Paul Wilson makes no apologies for driving a Ford Explorer. Yes, it burns a lot of gas and costs $40 to fill up, almost twice as much as a year ago. But when his lease expires, the Los Angeles film-location scout plans to replace his black Explorer with yet another sport utility vehicle--his fifth. Why? Because an SUV is big enough to haul around the tools he uses for work, but mostly because it looks cool. He's not worried about his Explorer rolling over, even though he's still riding around on the type of Firestone tires blamed for 203 deaths. "That wouldn't happen to me," he says. Wilson has noticed he's getting more dirty looks on the road lately. "I get comments like 'road hog' and 'gas hog'," he shrugs. "But I will get another one--unless they've been outlawed by the whiners."
Don't count on that. Despite soaring gas prices, congressional investigations, global warming and scary headlines about flipping Ford Explorers, SUVs are still selling at a record rate. Remarkably, SUV sales are up 5.6 percent this year, in spite of a slowing economy that has pushed overall auto sales down by more than 5 percent. One in four new vehicles is now an SUV, and Americans are on pace to snap up a record 3.5 million in 2001. For years experts have predicted that the oversize hulks would be a passing fad, killed off by environmental concerns or a new "It" vehicle, but as the SUV boom enters its second decade, it's only gaining speed.
Its popularity says much about the conflicted psyches of baby-boom consumers. They created Earth Day and then went on to make a status symbol of gas-guzzling four-wheel-drive trucks. Ironically, more SUV owners claim to be environmentalists than do drivers of other types of vehicles. "SUVs are the classic mirror to look at the contradictions of baby boomers," says Robert Thompson, a professor of pop culture at Syracuse University. Even automakers admit few buyers really need SUVs' off-road ruggedness, since only 5 percent of them ever venture into the untamed wilderness. "Four-wheel drive is all about image," acknowledges Chrysler market researcher David Bostwick.

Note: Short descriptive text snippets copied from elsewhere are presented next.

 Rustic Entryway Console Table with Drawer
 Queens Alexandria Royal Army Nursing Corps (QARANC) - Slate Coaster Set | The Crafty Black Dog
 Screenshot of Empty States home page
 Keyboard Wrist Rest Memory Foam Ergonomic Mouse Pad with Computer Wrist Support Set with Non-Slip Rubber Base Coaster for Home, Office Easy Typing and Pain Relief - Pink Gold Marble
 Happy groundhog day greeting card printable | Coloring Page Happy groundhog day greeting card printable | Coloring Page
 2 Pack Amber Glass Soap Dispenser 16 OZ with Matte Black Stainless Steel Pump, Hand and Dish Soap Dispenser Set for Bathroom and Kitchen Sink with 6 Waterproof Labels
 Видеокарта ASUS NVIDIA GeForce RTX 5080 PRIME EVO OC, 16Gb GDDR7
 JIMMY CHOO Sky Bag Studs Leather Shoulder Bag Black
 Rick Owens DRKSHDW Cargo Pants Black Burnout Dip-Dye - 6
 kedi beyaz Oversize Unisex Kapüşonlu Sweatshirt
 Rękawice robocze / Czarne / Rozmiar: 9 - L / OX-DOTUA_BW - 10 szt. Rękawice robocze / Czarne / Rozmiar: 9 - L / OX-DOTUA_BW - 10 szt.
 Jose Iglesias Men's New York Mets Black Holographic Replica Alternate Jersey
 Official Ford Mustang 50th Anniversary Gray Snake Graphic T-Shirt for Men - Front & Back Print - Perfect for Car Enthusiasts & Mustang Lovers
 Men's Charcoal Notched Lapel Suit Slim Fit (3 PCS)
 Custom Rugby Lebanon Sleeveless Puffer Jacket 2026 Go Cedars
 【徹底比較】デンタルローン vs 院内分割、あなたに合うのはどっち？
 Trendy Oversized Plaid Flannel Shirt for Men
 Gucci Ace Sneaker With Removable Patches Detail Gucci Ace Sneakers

The still-roaring SUV sales should have auto executives dancing in the streets in Detroit. But instead, the suits are experiencing a sickeningly familiar feeling. American automakers invented the SUV and dominated the market in the 1990s, but now buyers are flocking to sleeker Japanese and German models like the Toyota Highlander and the BMW X5. Sales of SUVs made by American automakers are down 2.2 percent this year, and it takes discounts of up to $2,400 to move once-hot models from GM, Ford and Chrysler. Sales of the Lincoln Navigator, once fancied by Puff Daddy, are down 18.3 percent this year; Jeep Grand Cherokee sales are off 19 percent, and the embattled Ford Explorer has plunged 21 percent. Only GM is enjoying an SUV surge lately, but that's due in part to sizable rebates. Overall, Detroit's share of the SUV market has sunk from 81 percent five years ago to just 66 percent now. No Detroit automaker is suffering more than Ford, whose Explorer received additional scrutiny in congressional hearings last week. "I'm losing a lot of sleep over what everyone in the company is going through," Ford chairman William Clay Ford Jr. told NEWSWEEK.
The stakes could not be higher for Detroit. The Big Three make all their profits on SUVs and pickups and actually lose money selling traditional passenger cars. And economists fear that if Detroit loses ground in the $425 billion auto market, it could quickly stall the entire economy. U.S. automakers account for more than 3 percent of the nation's economic output and keep more than 4 million people working. Watching the threat developing against Detroit, Morgan Stanley auto analyst Steve Girsky says, "This feels like history repeating itself."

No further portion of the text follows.